▼
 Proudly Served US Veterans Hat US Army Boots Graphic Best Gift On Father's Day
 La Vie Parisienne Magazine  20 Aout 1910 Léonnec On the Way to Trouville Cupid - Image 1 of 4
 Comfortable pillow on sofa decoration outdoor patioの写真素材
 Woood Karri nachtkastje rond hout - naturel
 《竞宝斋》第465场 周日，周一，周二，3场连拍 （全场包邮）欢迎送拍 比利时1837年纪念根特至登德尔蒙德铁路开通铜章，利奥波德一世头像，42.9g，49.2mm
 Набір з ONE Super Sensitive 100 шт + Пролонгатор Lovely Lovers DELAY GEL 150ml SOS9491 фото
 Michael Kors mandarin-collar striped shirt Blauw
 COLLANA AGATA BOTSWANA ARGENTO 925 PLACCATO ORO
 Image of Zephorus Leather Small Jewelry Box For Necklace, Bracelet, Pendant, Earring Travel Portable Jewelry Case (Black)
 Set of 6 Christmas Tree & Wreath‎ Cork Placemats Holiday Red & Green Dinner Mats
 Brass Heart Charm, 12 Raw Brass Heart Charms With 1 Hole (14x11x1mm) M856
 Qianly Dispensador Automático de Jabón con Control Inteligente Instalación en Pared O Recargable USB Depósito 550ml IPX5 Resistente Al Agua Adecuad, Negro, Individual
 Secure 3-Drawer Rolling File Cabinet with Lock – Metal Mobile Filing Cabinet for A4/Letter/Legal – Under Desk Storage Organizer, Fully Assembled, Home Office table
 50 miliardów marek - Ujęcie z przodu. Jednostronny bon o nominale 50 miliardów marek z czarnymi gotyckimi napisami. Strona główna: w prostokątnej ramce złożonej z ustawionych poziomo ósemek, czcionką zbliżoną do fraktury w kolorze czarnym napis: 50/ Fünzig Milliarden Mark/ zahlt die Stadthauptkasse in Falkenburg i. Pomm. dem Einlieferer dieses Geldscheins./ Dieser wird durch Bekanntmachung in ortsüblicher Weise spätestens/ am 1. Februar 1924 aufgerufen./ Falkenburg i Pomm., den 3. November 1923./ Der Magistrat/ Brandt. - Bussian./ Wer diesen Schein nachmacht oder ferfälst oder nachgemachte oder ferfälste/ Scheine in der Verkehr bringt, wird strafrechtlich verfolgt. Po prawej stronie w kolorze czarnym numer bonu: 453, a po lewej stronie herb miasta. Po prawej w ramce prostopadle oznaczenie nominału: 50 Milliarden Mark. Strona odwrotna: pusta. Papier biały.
▲
■ PROMPT: Pull out every line holding "Image" from the records above, and copy it.

■ OUTPUT FOR THIS EXERCISE:
 La Vie Parisienne Magazine  20 Aout 1910 Léonnec On the Way to Trouville Cupid - Image 1 of 4
 Image of Zephorus Leather Small Jewelry Box For Necklace, Bracelet, Pendant, Earring Travel Portable Jewelry Case (Black)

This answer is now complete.